Veale largely excelled in Pittsburgh’s minor league system. In 1959, he pitched a no-hitter for the Wilson Tobs of the low-level Carolina League. Three years later, he struck out 22 batters in a game for the Triple A Columbus Jets.

He pitched in 11 games for the Pirates in 1962, then spent all of the 1963 season in the majors as both a starter and a reliever. He finished with a 5-2 record and a 1.04 E.R.A.

In 11 years with Pittsburgh, Veale compiled a record of 116-91 and a 3.06 E.R.A. and was selected for two All-Star games. Pittsburgh sold Veale’s contract to the Boston Red Sox late in the 1972 season, and the Red Sox released him in 1974 after using him sparingly.

In retirement, Veale was a minor-league pitching instructor for the Atlanta Braves and the Yankees. He also retained his ties to Rickwood Field, where for a time he worked as a groundskeeper twice a week and helped Friends of Rickwood, the nonprofit organization that manages the ballpark, by “chit-chatting” about its history to anyone who would listen, said Gerald Watkins, the group’s executive director.

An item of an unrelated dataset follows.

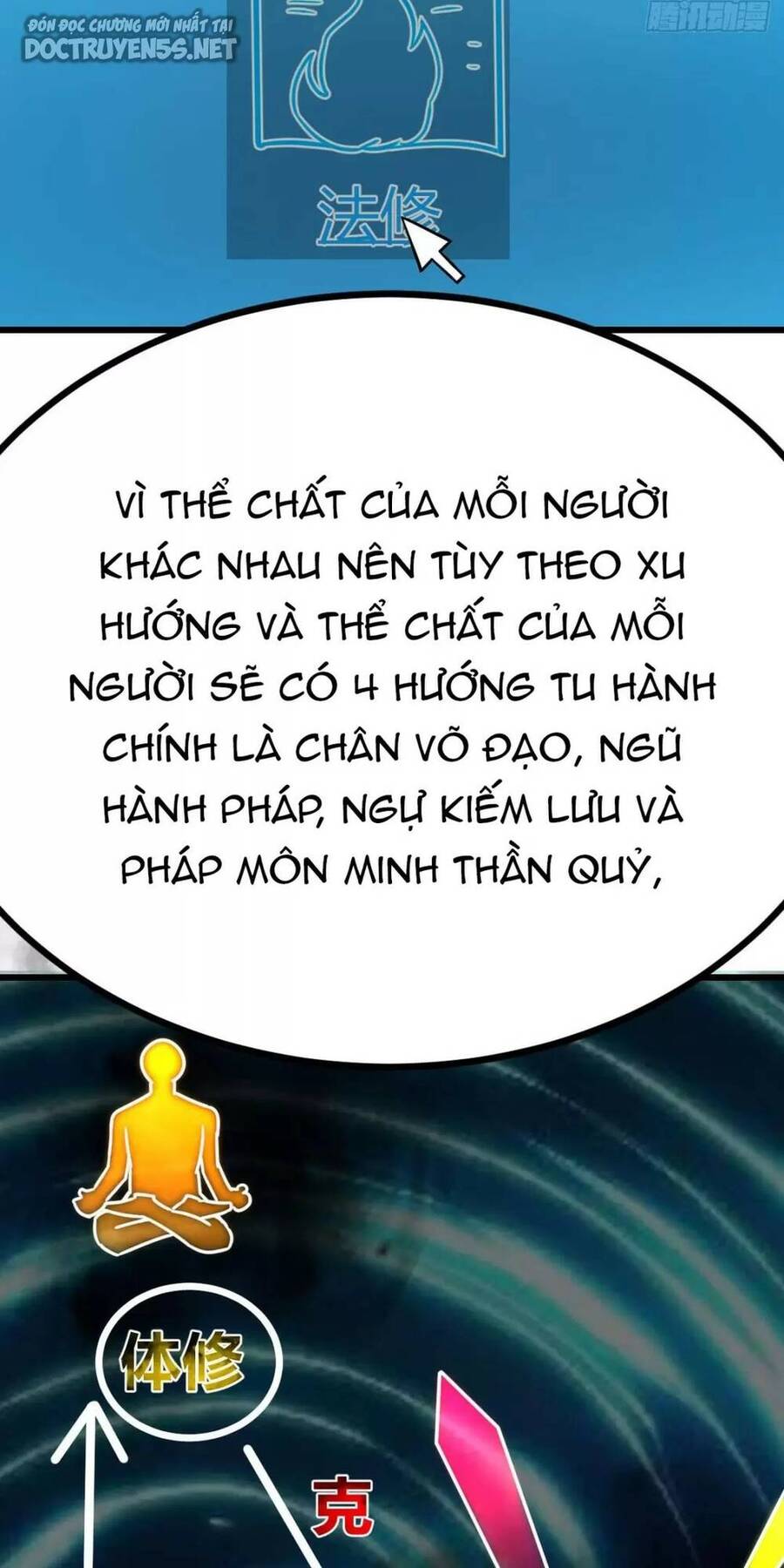 Đấu Thần Vĩnh Dạ Chap 35 - Next Chap 36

Veale was inducted into the Alabama Sports Hall of Fame in 2006.

In addition to Ms. Veale Johnson, he is survived by his wife, Eredean (Sanders) Veale; his stepdaughter, Felicia Sanders; four other sisters, Lillie Veale Wilson, Emily Veale Ford, Ouida Veale Belcher and Angela Veale Joubert; and two brothers, Russell W. Veale II and Jerry B. Veale.

If batters were wary of Veale’s control, or lack of it, they might have been comforted by the fact that he wore eyeglasses. But one night in May 1967, when the Pirates were playing the Cardinals at Forbes Field in Pittsburgh, a new pair was giving him trouble — the right lens kept popping out.

In the third inning, he removed the glasses and was preparing to proceed without them. But Lou Brock, the Cardinals’ left fielder, refused to step into the batter’s box, even after being ordered to by the umpire Doug Harvey. Brock relented after the Pirates’ pitching coach, Clyde King, brought out an old pair of Veale’s glasses.

“I can’t blame him,” Veale said about Brock afterward. “As a rule, I see six people when I’m not wearing them.”